**Task brief**
Please print every line of the listing, unchanged.
== Data excerpts
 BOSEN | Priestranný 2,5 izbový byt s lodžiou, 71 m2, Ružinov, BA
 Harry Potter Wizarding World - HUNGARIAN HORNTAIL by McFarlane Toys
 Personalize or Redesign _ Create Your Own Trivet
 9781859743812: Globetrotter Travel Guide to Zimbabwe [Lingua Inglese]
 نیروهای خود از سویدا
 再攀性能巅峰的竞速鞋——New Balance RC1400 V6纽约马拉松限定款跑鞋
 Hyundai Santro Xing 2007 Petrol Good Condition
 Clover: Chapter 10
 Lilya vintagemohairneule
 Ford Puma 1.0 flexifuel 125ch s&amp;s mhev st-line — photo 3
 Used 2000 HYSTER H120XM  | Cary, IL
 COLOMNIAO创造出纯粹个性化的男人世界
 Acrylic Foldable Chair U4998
====
**Exercise answer**
 BOSEN | Priestranný 2,5 izbový byt s lodžiou, 71 m2, Ružinov, BA
 Harry Potter Wizarding World - HUNGARIAN HORNTAIL by McFarlane Toys
 Personalize or Redesign _ Create Your Own Trivet
 9781859743812: Globetrotter Travel Guide to Zimbabwe [Lingua Inglese]
 نیروهای خود از سویدا
 再攀性能巅峰的竞速鞋——New Balance RC1400 V6纽约马拉松限定款跑鞋
 Hyundai Santro Xing 2007 Petrol Good Condition
 Clover: Chapter 10
 Lilya vintagemohairneule
 Ford Puma 1.0 flexifuel 125ch s&amp;s mhev st-line — photo 3
 Used 2000 HYSTER H120XM  | Cary, IL
 COLOMNIAO创造出纯粹个性化的男人世界
 Acrylic Foldable Chair U4998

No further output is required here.